▶ _Data to use_:
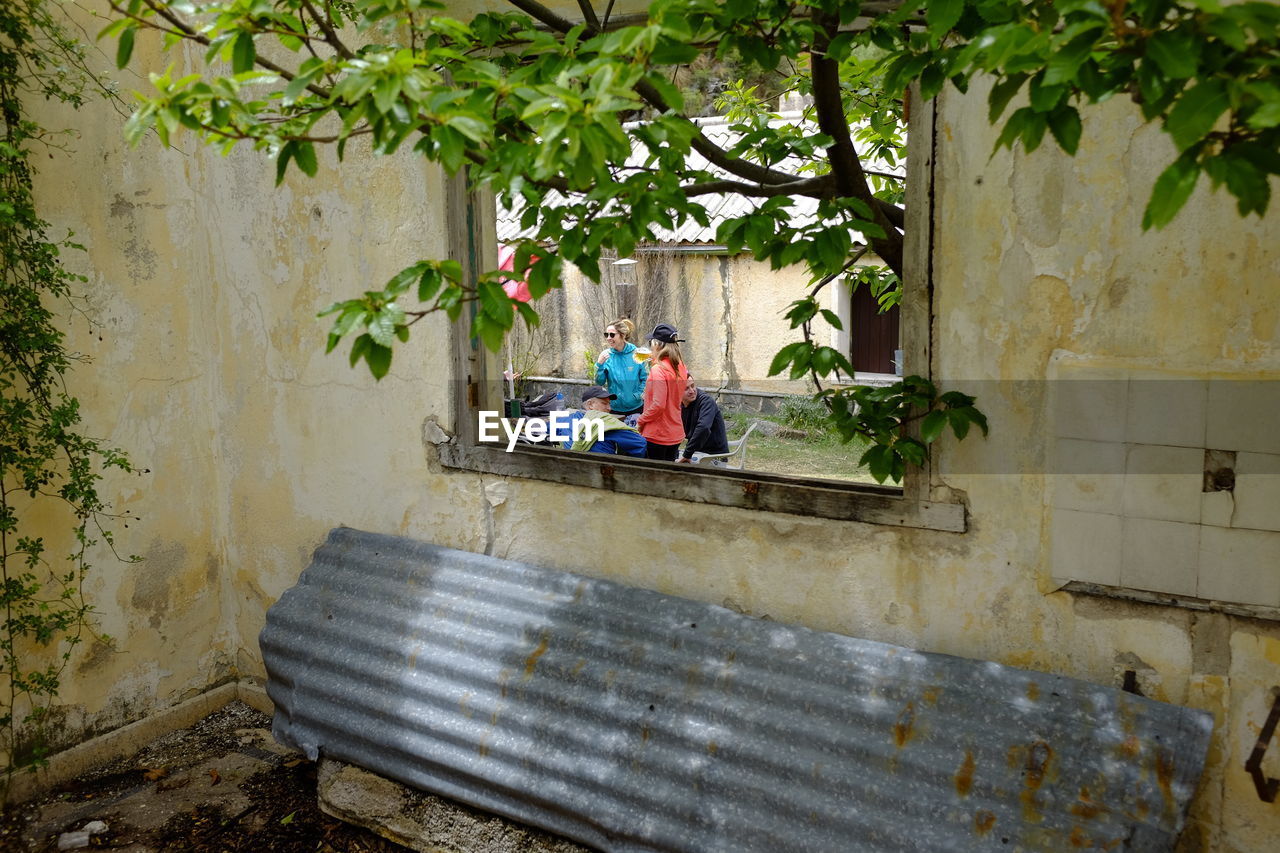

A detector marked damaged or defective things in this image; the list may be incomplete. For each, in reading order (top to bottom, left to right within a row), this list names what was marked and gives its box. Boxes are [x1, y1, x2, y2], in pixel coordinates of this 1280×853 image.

rusty corrugated metal sheet [490, 113, 900, 246]
rusty corrugated metal sheet [258, 528, 1208, 848]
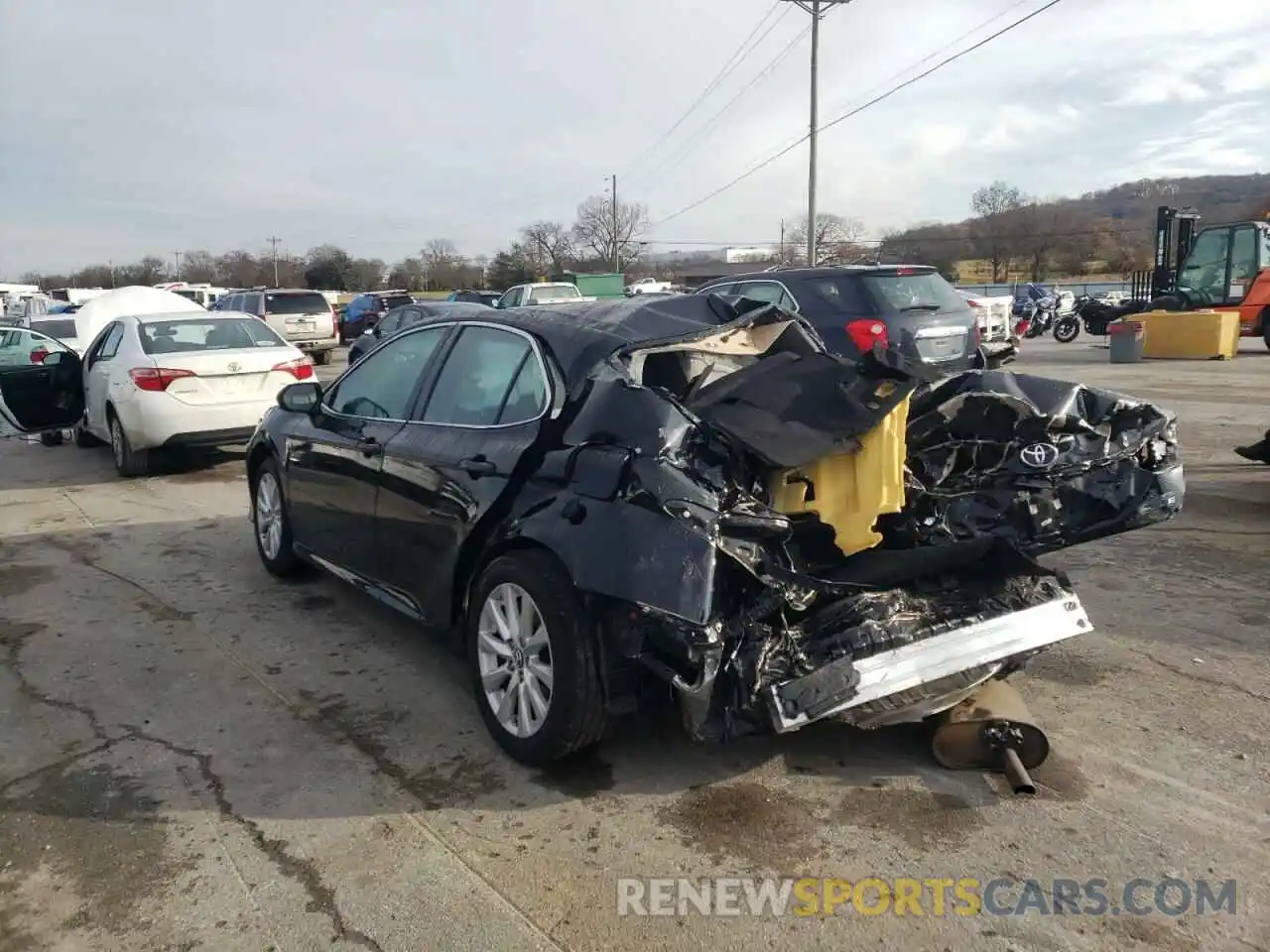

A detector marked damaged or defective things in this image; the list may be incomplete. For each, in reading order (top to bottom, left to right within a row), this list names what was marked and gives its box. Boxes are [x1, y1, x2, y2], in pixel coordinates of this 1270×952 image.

black damaged sedan [238, 294, 1178, 767]
torn sheet metal [878, 368, 1183, 555]
shattered rear bumper [767, 594, 1086, 736]
crack in pavement [1143, 654, 1270, 705]
crack in pavement [127, 726, 386, 952]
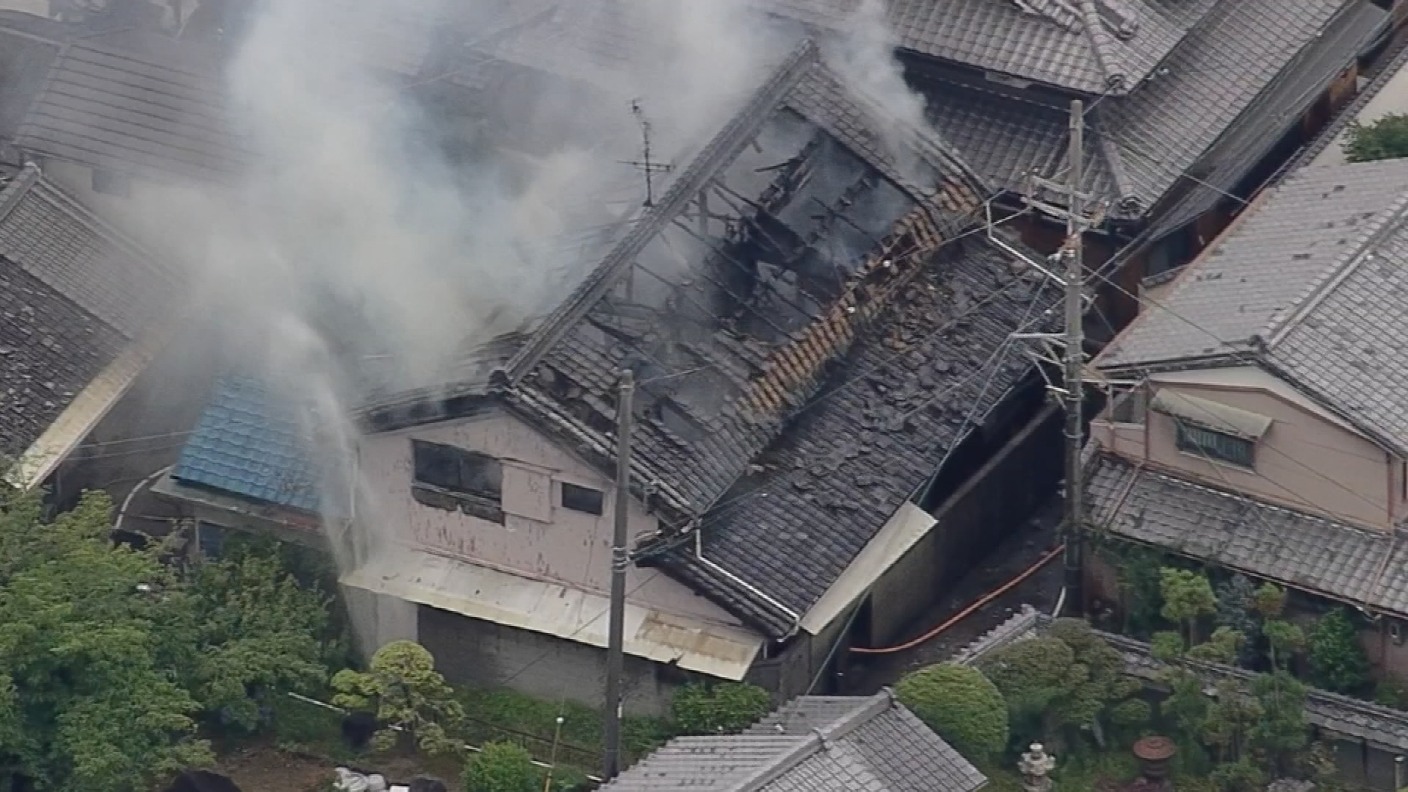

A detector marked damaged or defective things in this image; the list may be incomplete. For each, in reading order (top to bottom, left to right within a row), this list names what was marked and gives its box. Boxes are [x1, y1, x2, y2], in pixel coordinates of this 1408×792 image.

damaged structure [154, 41, 1056, 712]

▶ _Task objective_: Omit the pictures and return exactly the lines from the line containing "this 1270×952 image." through the final line of the material above, both ends included.

▶ _Solution to this problem_:
A detector marked damaged or defective things in this image; the list may be incomplete. For each, in reading order (top to bottom, left to right within a row), this list names what was marked and gives its box. Boxes are [x1, y1, x2, y2], in pixel coordinates of this 1270×952 image.

black damaged sedan [238, 294, 1178, 767]
torn sheet metal [878, 368, 1183, 555]
shattered rear bumper [767, 594, 1086, 736]
crack in pavement [1143, 654, 1270, 705]
crack in pavement [127, 726, 386, 952]

A detector marked damaged or defective things in this image; the list may be incomplete. For each, in reading order (top to bottom, left to right within a row), this list names what was marked and gives its box. Boxes are [x1, y1, x2, y2], in pixel coordinates of this 1408×792 image.

damaged structure [154, 41, 1056, 712]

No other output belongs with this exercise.